Applying the chain rule, along with the derivatives $\frac{d}{\mathrm{dx}} \ln \left(x\right) = \frac{1}{x}$ and $\frac{d}{\mathrm{dx}} {x}^{2} = 2 x$, we have

$\frac{\mathrm{dy}}{\mathrm{dx}} = \frac{d}{\mathrm{dx}} \ln \left({x}^{2}\right)$

$= \frac{1}{x} ^ 2 \left(\frac{d}{\mathrm{dx}} {x}^{2}\right)$

$= \frac{1}{x} ^ 2 \left(2 x\right)$

$= \frac{2}{x}$

Mar 4, 2016

$\frac{2}{x}$

#### Explanation:

Alternatively, we can simplify $\ln \left({x}^{2}\right) = 2 \ln \left(x\right)$ from the outset, using the rule that $\log \left({a}^{b}\right) = b \log \left(a\right)$.

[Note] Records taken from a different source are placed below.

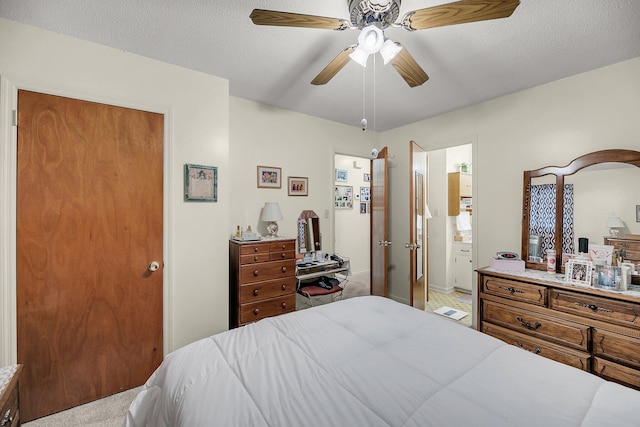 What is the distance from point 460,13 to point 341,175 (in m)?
3.88

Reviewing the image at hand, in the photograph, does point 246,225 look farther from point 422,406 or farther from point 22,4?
point 422,406

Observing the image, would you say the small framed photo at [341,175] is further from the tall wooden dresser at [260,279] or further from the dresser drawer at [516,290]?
the dresser drawer at [516,290]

Since $\frac{d}{\mathrm{dx}} \ln \left(x\right) = \frac{1}{x}$, we see the constant can be brought from the differentiation in $\frac{d}{\mathrm{dx}} 2 \ln \left(x\right) = 2 \frac{d}{\mathrm{dx}} \ln \left(x\right) = \frac{2}{x}$.

Mar 4, 2016

$\frac{2}{x}$

#### Explanation:

Just to show the versatility of calculus, we can solve this problem through implicit differentiation.

Raise both side to the power of $e$.

$y = \ln \left({x}^{2}\right)$

${e}^{y} = {e}^{\ln} \left({x}^{2}\right)$

${e}^{y} = {x}^{2}$

Differentiate both sides with respect to $x$. The left side will require the chain rule.

${e}^{y} \left(\frac{\mathrm{dy}}{\mathrm{dx}}\right) = 2 x$

$\frac{\mathrm{dy}}{\mathrm{dx}} = \frac{2 x}{e} ^ y$

Recall that ${e}^{y} = {x}^{2}$.

$\frac{\mathrm{dy}}{\mathrm{dx}} = \frac{2 x}{x} ^ 2 = \frac{2}{x}$